/ 29 March 2010

Rio Tinto staff jailed in China

A Chinese court convicted four employees of mining giant Rio Tinto including an Australian national on Monday on bribery and trade secrets charges, handing down jail terms ranging from seven to 14 years.

Australian executive Stern Hu and three Chinese staff, who were tried last week in Shanghai, were convicted of accepting bribes totalling about $13-million and stealing trade secrets.

Hu, the head of the Anglo-Australian miner’s Shanghai office, was sentenced to 10 years in prison. His Chinese colleagues Wang Yong, Ge Minqiang and Liu Caikui were given jail terms of 14, eight and seven years, respectively.

Australian Prime Minister Kevin Rudd has said the world is watching the trial, which has been widely seen as a test of the rule of law in China and has sparked concerns about doing business in the world’s third-largest economy.

Three decades after China opened up to the world, US and European businesses are now complaining of increasingly onerous rules, preferential treatment for local firms and growing nationalism.

Australia’s consul general in Shanghai, Tom Connor, summarised the sentences after the hearing but declined to comment further, saying Foreign Minister Stephen Smith would make a more detailed statement later on Monday.

The four defendants had pleaded guilty to taking money, and one had admitted to commercial espionage, but the accused had disputed aspects of the charges, their lawyers said.

Friends in need
A prosecutor had recommended that Hu be given a lenient sentence after he apologised to the court and to Rio, saying he took more than $900 000 to help childhood friends in need, his lawyer Jin Chunqing said.

But the court found that the four had stolen trade secrets including the minutes of a China Iron and Steel Association meeting and information on Chinese steel giant Shougang’s output.

The defendants appeared before the court in civilian clothing, with Hu wearing a blue windbreaker. His normally black hair was white.

Hu also was fined 500 000 yuan ($73 250) and had another 500 000 yuan worth of personal assets confiscated, the court said.

Liu’s lawyer, Tao Wuping, said his client was likely to appeal.

The Australian’s defence team said they needed to discuss the verdict with their client.

Millions stuffed into ‘bags, boxes’
The four Rio employees were arrested last July during contentious iron-ore contract talks between top mining companies and the steel industry in China, the world’s largest consumer of the raw material. The talks collapsed.

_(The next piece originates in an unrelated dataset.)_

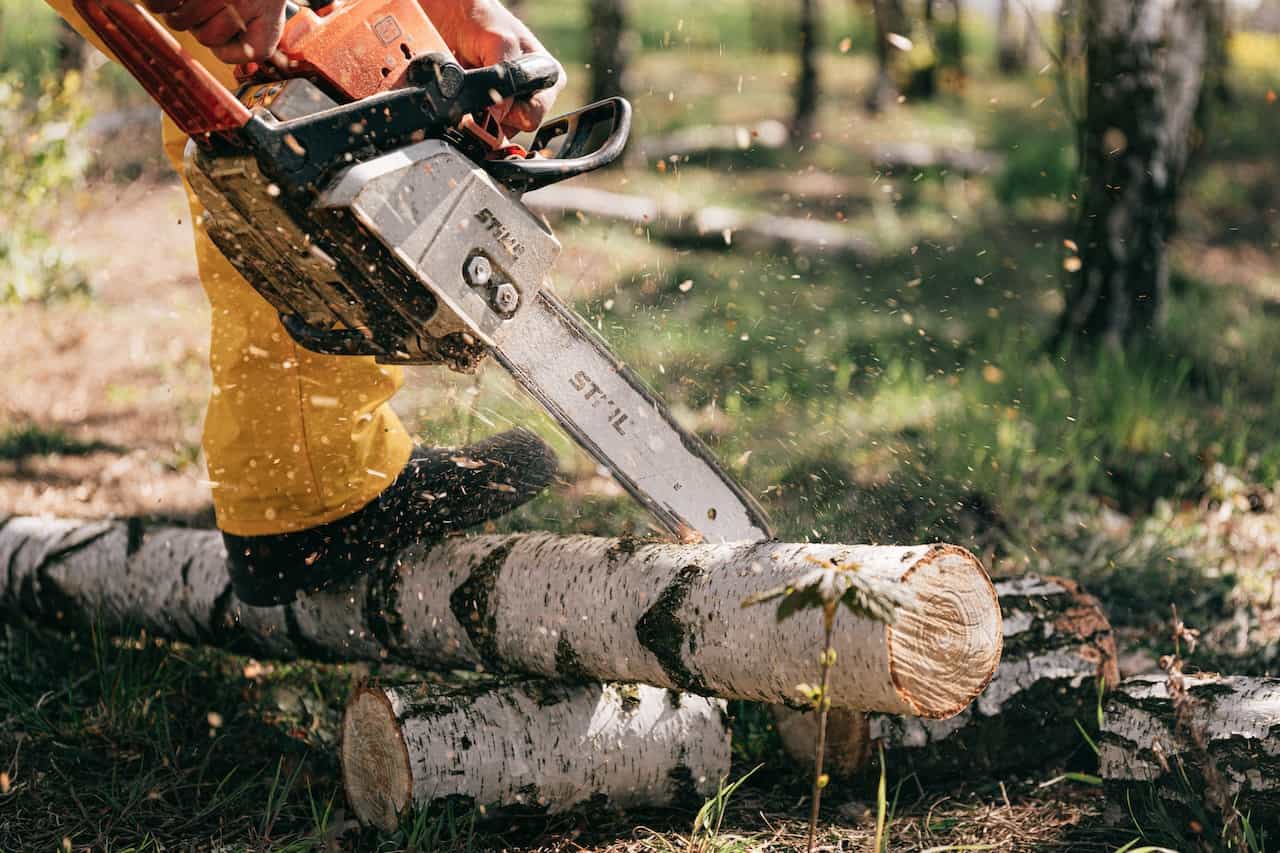 How to Keep a Stihl Chainsaw From Leaking Bar Oil Brandi Sawyer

At the three-day trial of the Rio employees, the court heard evidence that millions of yuan in bribes had been stuffed into bags and boxes for the accused, according to state media.

Hu took money from small private steel companies, which before the global financial crisis were locked out of buying iron ore from Rio because the mining giant prioritised large state-run steel companies, Jin said.

When the global economic crisis hit in September 2008, demand for iron ore plummeted and the smaller players paid bribes “to squeeze into the club and join the buyers”, he said.

Wang strongly objected to the bribery allegations, saying he simply borrowed the money from one of China’s richest men, Du Shuanghua, the National Business Daily said.

Du, the former head of Shandong-based Rizhao Iron & Steel group, has contradicted Wang’s account, saying he paid the Rio employee $9-million for preferential treatment, the newspaper
said.

Smith chastised China last week for locking the country’s diplomats out of the courtroom during the hearings on the commercial espionage allegations.

China appeared to have broken its own laws by excluding Australia’s consular staff from the hearings, according to New York University professor Jerome Cohen, a leading US expert on Chinese legal issues.

The decision “to exclude the Australian consuls violated existing Chinese law, which since 1995 has explicitly instructed China’s courts to permit foreign consular representation even at non-public trials”, Cohen wrote in an article co-authored with Yu-Jie Chen, a fellow at the US Asia Law Institute.

“There had been an expectation that the Chinese legal system was becoming more transparent and accountable,” said Ann Kent, a visiting fellow at the Australian National University College of Law.